Massa ha annunciato che a partire da venerdì entrerà in funzione un sistema di scambio commerciale che permetterà di utilizzare direttamente gli yuan, saltando i passaggi che vengono correntemente fatti su altre valute, dollaro in primis, causa di perdite per l’erario. Uno schema, segnalano fonti dell’Economia al quotidiano “Ambito”, che permetterà di evitare “frodi” come quella di una triangolazione scoperta di recente tra l’Uruguay e la Florida: prima di far arrivare i prodotti a Pechino, venivano realizzati cambi monetari giocando sulle migliori offerte disponibili nelle diverse piazze. Di fatto, conti alla mano, “la Cina esporta in Argentina meno di quanto l’Argentina registra come entrate commerciali”.
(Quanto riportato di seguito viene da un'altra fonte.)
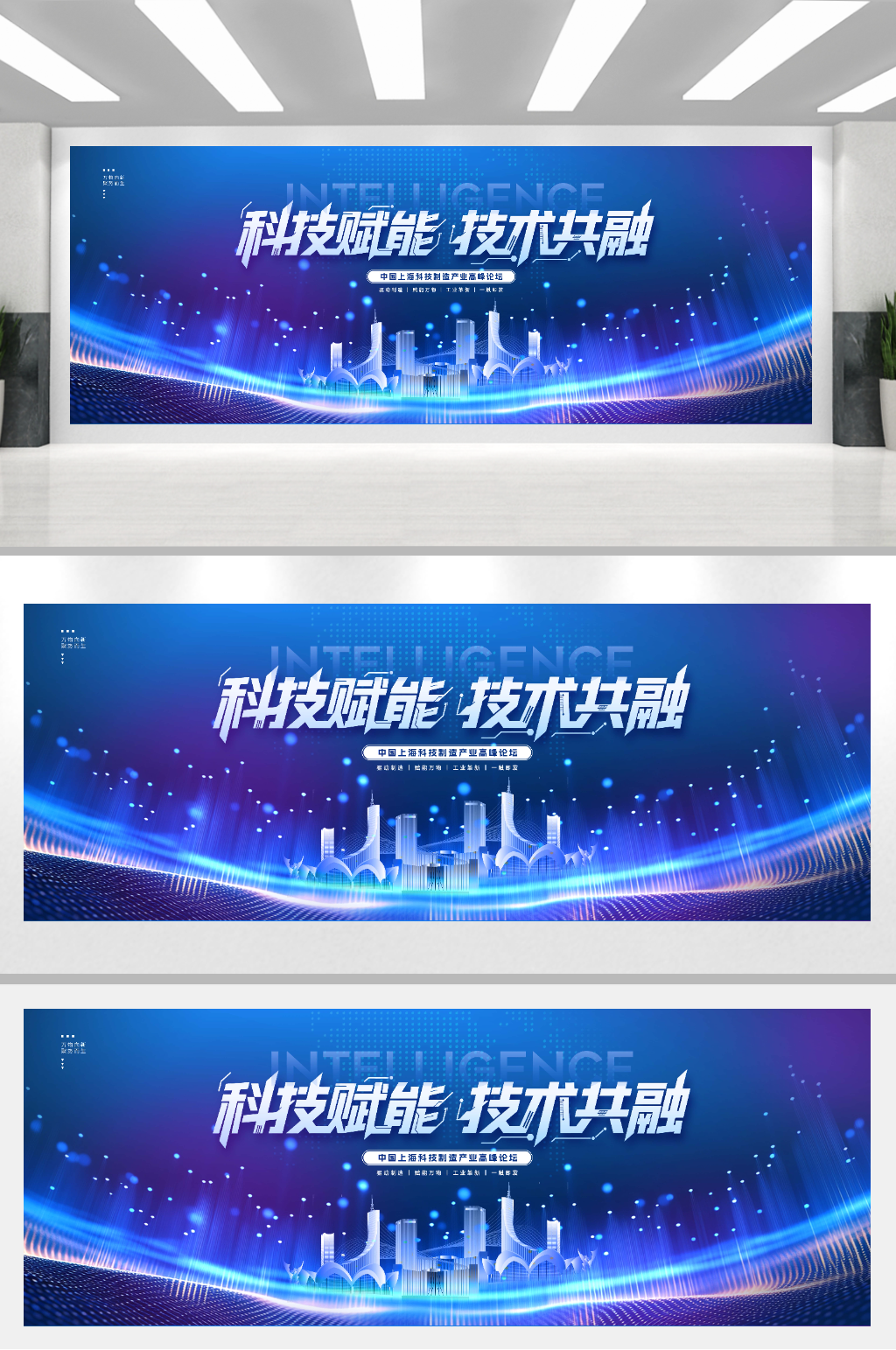 科技赋能技术共融高峰论坛科技风展板素材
L’accordo, annunciato al termine di un incontro con i dirigenti della compagnia mineraria Tsingshan Holding Group, consolida di fatto la strategia di ridurre l’influenza del biglietto verde, a protezione delle riserve a disposizione della Banca centrale (Bcra) per manovrare su tasso di cambio e inflazione. Una mossa che unita alla possibilità di realizzare investimenti direttamente in valuta cinese, rende lo yuan centrale nella relazione commerciale e finanziaria, nella speranza di riequilibrare la bilancia commerciale e con la possibilità che Pechino divenga il primo partner di Buenos Aires, superando anche il Brasile. In attesa di divulgare i dettagli dell’intesa, venerdì, Massa ha annunciato la creazione di una camera di commercio argentina in Cina, richiesta a gran voce da una ventina di imprenditori del Paese sudamericano.

Il ministro dell’Economia aveva in precedenza sostenuto riunioni con compagnie minerarie per accordi centrati soprattutto sul litio. “Lavoriamo con società minerarie su progetti di investimento e produzione di litio in Argentina, che generano occupazione ed esportano lavoro nazionale con valore aggiunto”, ha spiegato Massa in un messaggio pubblicato sul proprio profilo Twitter. Investimenti che potranno aumentare grazie alle “condizioni” poste come Paese: “sviluppo dei fornitori locali, rispetto delle comunità autoctone e rispetto delle normative ambientali”. Investimenti che “ci permettono di smettere di essere un Paese che esporta prodotti primari per diventare un Paese che esporta con valore aggiunto attraverso l’estrazione mineraria che investe in modo responsabile”, ha detto Massa.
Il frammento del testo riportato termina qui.